As always, he interrupts her thoughts with a hand that brushes over her back as he walks toward the corner to turn on the music.
“I think we’ve had enough of turns for now, huh?”
Vivian nods even though his back is turned but their gazes catch in the mirror briefly. Their partnered turns are strong. Solid. She’s ready to move on.
“Let’s try the lift where you fell.”
And suddenly she’s ready to stick with turns for the foreseeable future. Maybe she can specialize in turns and only turns. Her expression must give away her panic because he’s quick to interrupt.
“Nice try with the pout, but it’s time. You need to do it and move past it. If you want to dance principal on opening night, you need to figure this out. I’ve been babying you with the turns, but it’s time.”
Wait—he’s been babying her?!
She lets out an indelicate snort before steeling her shoulders. “Fine, let’s do it.”

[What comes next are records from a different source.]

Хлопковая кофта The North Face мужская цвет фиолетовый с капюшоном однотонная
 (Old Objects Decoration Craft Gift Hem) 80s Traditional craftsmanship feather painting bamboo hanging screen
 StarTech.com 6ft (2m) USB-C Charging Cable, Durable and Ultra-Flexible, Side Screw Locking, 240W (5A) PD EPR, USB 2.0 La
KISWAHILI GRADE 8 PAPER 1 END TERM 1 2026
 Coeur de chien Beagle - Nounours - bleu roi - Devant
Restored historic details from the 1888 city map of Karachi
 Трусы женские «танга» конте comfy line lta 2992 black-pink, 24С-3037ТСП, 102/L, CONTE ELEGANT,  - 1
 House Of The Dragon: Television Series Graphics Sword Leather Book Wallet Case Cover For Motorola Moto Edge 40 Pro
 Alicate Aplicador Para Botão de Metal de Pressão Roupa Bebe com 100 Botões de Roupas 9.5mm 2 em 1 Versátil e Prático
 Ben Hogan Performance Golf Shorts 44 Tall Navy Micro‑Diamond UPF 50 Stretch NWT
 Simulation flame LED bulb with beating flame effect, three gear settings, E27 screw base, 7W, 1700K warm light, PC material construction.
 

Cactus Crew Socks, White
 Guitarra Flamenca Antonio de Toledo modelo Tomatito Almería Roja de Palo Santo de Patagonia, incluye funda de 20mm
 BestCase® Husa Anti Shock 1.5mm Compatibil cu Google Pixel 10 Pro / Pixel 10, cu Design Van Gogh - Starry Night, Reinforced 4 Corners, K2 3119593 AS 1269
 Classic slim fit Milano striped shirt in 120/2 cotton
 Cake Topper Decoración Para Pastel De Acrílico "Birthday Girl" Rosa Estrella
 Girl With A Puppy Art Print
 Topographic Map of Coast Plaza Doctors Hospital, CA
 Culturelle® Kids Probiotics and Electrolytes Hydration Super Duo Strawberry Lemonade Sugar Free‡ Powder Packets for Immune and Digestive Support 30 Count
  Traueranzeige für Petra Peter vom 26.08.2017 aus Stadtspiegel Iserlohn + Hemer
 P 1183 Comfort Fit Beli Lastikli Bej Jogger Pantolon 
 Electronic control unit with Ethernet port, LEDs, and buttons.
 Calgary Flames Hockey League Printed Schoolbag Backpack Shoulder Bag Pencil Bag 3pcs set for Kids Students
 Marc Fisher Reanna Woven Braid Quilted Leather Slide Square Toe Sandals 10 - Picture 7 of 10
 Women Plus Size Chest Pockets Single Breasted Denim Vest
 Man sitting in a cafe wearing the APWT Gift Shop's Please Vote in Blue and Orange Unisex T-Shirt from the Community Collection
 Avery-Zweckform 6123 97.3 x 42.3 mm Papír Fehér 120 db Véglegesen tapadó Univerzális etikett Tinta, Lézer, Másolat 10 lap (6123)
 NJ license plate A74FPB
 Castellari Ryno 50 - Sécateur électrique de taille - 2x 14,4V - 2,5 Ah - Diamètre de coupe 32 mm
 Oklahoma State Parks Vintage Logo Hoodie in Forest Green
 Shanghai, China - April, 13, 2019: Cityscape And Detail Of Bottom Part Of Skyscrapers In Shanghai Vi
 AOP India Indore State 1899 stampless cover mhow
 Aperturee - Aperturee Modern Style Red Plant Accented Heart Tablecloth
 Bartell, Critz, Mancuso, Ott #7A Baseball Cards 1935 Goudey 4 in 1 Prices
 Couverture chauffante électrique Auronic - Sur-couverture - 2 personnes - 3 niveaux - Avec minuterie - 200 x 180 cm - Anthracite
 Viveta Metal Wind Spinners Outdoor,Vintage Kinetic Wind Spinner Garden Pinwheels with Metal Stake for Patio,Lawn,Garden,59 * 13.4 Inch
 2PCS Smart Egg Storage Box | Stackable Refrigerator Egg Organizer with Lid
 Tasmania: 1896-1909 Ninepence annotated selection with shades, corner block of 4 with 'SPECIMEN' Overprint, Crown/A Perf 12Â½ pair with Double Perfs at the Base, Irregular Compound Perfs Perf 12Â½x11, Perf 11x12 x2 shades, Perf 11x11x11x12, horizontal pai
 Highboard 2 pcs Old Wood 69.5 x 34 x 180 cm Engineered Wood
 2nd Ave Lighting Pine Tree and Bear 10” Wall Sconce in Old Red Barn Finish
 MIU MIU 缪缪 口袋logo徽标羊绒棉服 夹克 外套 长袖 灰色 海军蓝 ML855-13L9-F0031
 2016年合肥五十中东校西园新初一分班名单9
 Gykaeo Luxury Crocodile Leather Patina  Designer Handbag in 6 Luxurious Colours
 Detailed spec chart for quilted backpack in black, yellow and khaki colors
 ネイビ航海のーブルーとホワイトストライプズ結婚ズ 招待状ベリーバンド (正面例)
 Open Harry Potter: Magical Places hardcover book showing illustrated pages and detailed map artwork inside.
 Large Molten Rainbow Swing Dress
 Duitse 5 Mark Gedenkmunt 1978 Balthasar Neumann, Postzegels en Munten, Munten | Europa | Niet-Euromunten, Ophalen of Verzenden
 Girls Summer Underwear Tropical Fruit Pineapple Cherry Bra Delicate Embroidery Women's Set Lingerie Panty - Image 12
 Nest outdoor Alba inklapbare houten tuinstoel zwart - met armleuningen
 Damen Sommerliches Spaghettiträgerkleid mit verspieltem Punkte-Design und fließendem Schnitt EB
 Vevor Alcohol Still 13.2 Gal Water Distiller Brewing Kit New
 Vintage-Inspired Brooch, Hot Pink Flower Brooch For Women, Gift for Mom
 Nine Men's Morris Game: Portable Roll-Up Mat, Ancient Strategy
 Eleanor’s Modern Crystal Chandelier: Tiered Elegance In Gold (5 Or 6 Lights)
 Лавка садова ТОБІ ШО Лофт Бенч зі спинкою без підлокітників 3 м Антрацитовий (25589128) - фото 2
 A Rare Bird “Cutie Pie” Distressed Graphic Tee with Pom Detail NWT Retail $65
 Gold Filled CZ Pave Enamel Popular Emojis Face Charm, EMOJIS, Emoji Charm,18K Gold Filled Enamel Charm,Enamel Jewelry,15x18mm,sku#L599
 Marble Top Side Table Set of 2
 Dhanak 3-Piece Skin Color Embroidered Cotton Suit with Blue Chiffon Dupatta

When Julian turns to smirk at her, she can see that she’s walked right into his trap, a willing victim.
“So, start with the jeté, land, crossover. We prep, I’ll lift. Spin down, you land in arabesque, then cha?nés away. Got it?” he says in a way that makes it clear the question is rhetorical. He’s good at that.
This combination has been haunting Vivian for weeks since her fall. She couldn’t forget the steps even if she wanted to. “Yep.”
Vivian preps to begin the combination but freezes before her jeté.
“Promise you won’t drop me?”
“I won’t drop you.”
Unlike with her turns, it’s not enough of a comfort. She’s never had a partner fail her during turns. And even if she had, there’s little risk when one foot is still on the floor.
She now knows how it feels to fall from above the head of a grown, gangly man. Knows the heart-wrenching pop of a dislocated shoulder and how the agony of spending weeks on the sidelines is almost worse than the physical pain.
“But do you promise?” The demand is juvenile but it bubbles up all the same.
Julian meets her gaze, eyes clear and resolute.
“I would lie on the hardwood to serve as your landing mat before I ever dropped you.”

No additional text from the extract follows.